While these features are becoming increasingly standardized for most operating systems, accessibility is not always included in web technology development. The Concord Consortium is redoubling its efforts to improve the design of our online activities. After reviewing the W3C criteria for accessibility conformance, known as the Web Content Accessibility Guidelines (WCAG), we focused initially on three accessibility guidelines and incorporated these features into a new design framework for activities in our STEM Resource Finder.
Distinguishable features include those that make it easier for users to see and hear content, including color, text spacing, button size, and separating foreground from background. For example, WCAG recommends that the size of the target for pointer inputs is at least 44 by 44 pixels, so we increased the size of the buttons for navigating between pages in an activity. We also adjusted the background and foreground colors to meet the minimum contrast ratio. This improves usability for students with visual impairments and limited mobility by increasing the visibility of the button on the page and increasing the clickable area of the button.
In addition, we added features that ensure that media on the web page are perceivable by all.
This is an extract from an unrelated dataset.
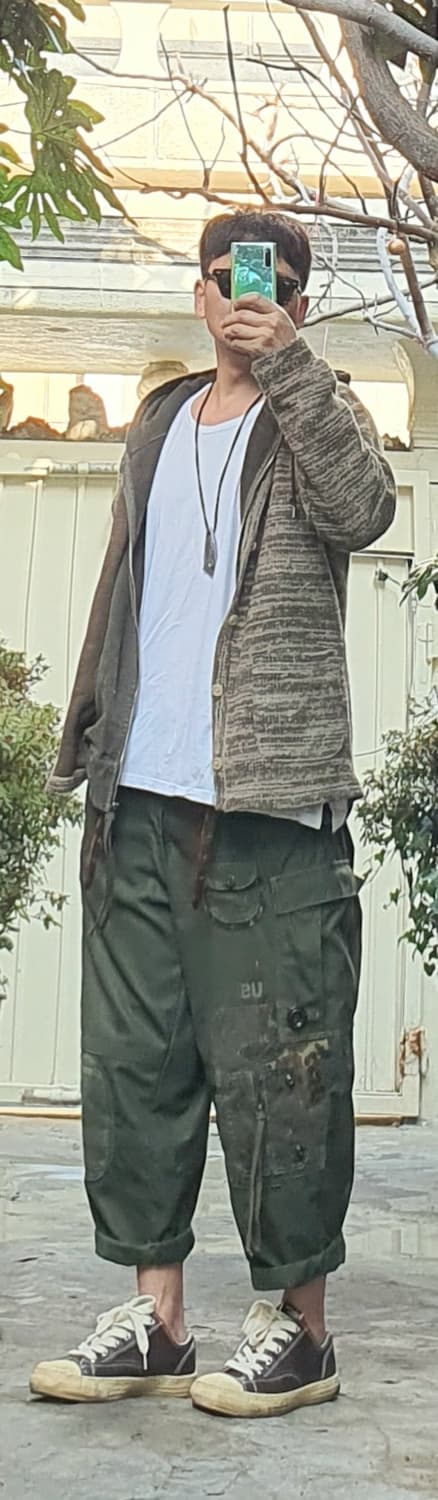 m65팬츠 빈티지 커스텀 [업그레이드버전/ 에시드 머드/썬페이딩 ] 상품이미지9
These features include text alternatives (also known as “alt tags”) for any non-text content like images or videos that are read aloud with the use of screen readers and closed captions for videos that can be turned on or off by the user.
Keyboard-accessible features include those that make all functionality available from a keyboard. They are especially useful for students with mobility impairments who may have difficulty making the precise hand movements required to use a mouse. The WCAG guidelines require that all web page elements are operable through a keyboard interface by using the tab key, without requiring specific timing for individual keystrokes. We used HTML form controls and links to ensure the correct and logical tab and reading order for all elements displayed on activity pages (Figure 1).
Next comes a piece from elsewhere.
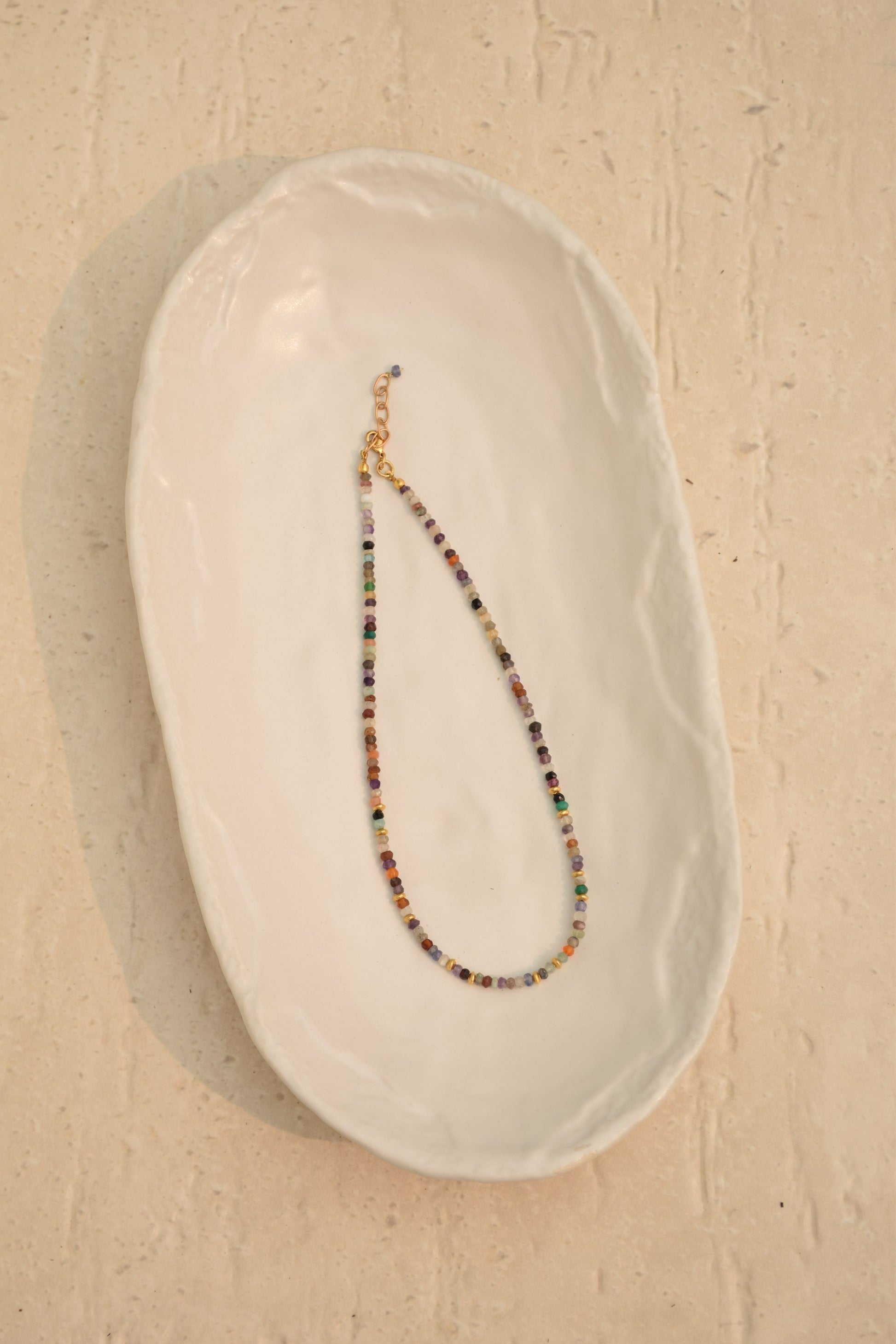 Iris Choker at Kamakhyaa by Noyra. This item is Alloy, Beaded Jewellery, Choker, Fashion Jewellery, jewelry, Micron, Multicolor, Natural, Solids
Navigable features help users navigate, find content, and determine their location on a web page. We assessed the internal structure of the interactive page elements and updated the order of these elements in the underlying code to ensure that they follow a logical sequence within the content. We made the keyboard focus indicator always visible to students who navigate activity pages using a keyboard. We also improved the display of the user’s location within the activity by updating the page breadcrumb trail to use visible separators and navigation arrows.
Most assistive technology is driven by thoughtful formatting and inclusion of assistive tags that are otherwise invisible to everyday users. While color contrast and button size are obvious, screen reader tags, hierarchy, and consistent labeling are not. Implementing these features is one way we are emphasizing our dedication to advancing STEM inquiry through technology and creating activities that are usable by all learners.